E-learning

by Geoff Allan

Sources of informal e-learning

A significant proportion of informal learning these days is done using electronic devices, and a lot of this involves the internet, which is becoming a first port of call for people who need some information.

Informal e-learning could simply be defined as accessing information via a computer, or indeed any electronic device, in an ad hoc fashion, as and when the need arises. If you remember the information, or even remember where to find it for next time, then you can say you have learnt it and therefore that was informal e-learning.

Informal sources

Most of your people will regularly and increasingly be using all these sources, so it is worth considering how to help them to get the best out of such sources and avoid the pitfalls.

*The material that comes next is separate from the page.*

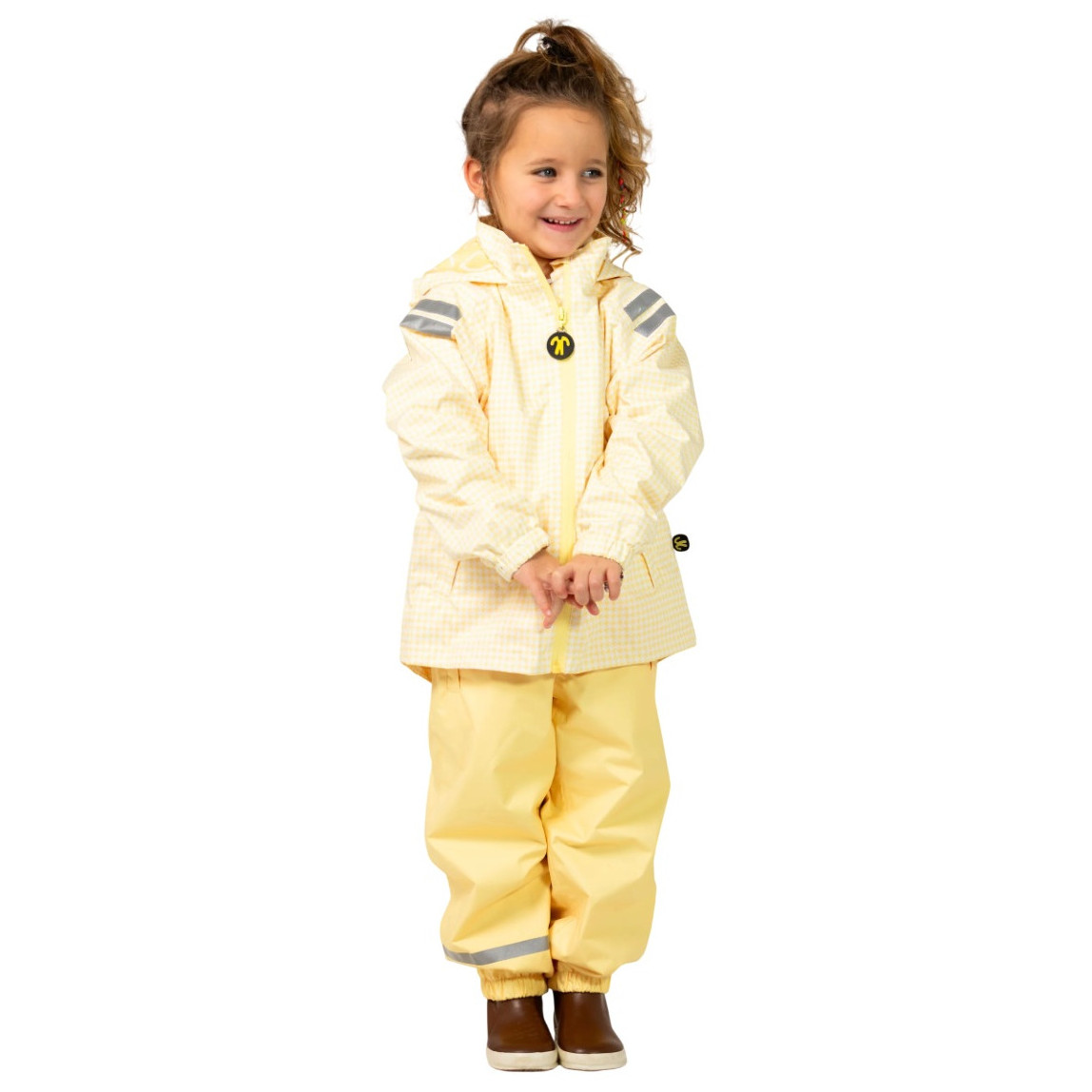 Dziecięca kurtka przeciwdeszczowa DucKsday Rain Jacket Lemonade Rozmiar dziecięcy: 92-98 / Kolor: żółty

Organisation blogs or podcasts, for example, may attract more attention and be more useful for learning than the organisation’s published literature.

The internet

Surfing the internet can bring a wide range of information, some of it reliable and some not. A Google search will always find something about a subject and it is then a matter of deciding how valid the information is.

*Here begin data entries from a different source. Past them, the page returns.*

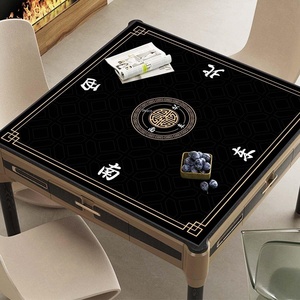 JUFORHQC Tapete de Mahjong Antideslizante y Reductor de Ruido de 315 Pulgadas con Bolsa de Tela y Almacenamiento en Cartón para Dominó y <span class=keywords><strong>Solitario</strong></span> (Negro) - Product Image 4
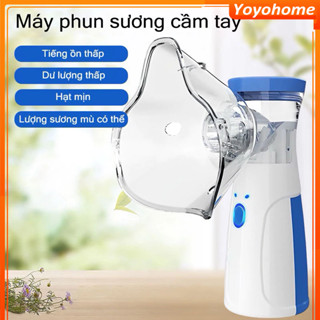 [🚚 Free shipping]Máy khí dung, Máy xông mũi họng. Điều chị viên phế quản, viên phổi, viên xoang, cắm củ sạc hoặc dùng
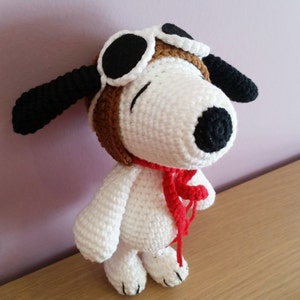 Crochet Snoopy Amigurumi Handmade Crochet Amigurumi Toy Doll Snoopy Crochet Amigurumi Snoopy Woodstock image 2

There are specialist sites that provide a much better quality of information in specific areas. Very often this is a paid-for service as there is a cost overhead in keeping the material relevant and accurate, and presenting it in a useful way. Alchemy for Managers is one such site.

Wikipedia

This is a web-based encyclopaedia produced by anyone who wants to add information. It has a very wide range of topics. It is fairly reliable and although people can bias articles with their own unsubstantiated views, it is often a good starting place.

Blogs or weBlogs

These can be set up on the web itself or on an intranet. Your blog could be used as a focus for discussion on any topic you think relevant. A brief log item (about 250 words or so) is enough to start it, after which people could be encouraged to add their comments. Add a new topic at regular intervals and encourage others to blog as well.

Podcasts

These are short recordings that can be downloaded and played on a computer, an iPod or equivalent. Usually audio, they are easily produced and could include any topic that is appropriate.

Wikis

These are simple websites that can be easily edited and extended, and can be used in a similar fashion to blogs.

Information on how to set up blogs, wikis or podcasts is widely available on the internet, so is not included here.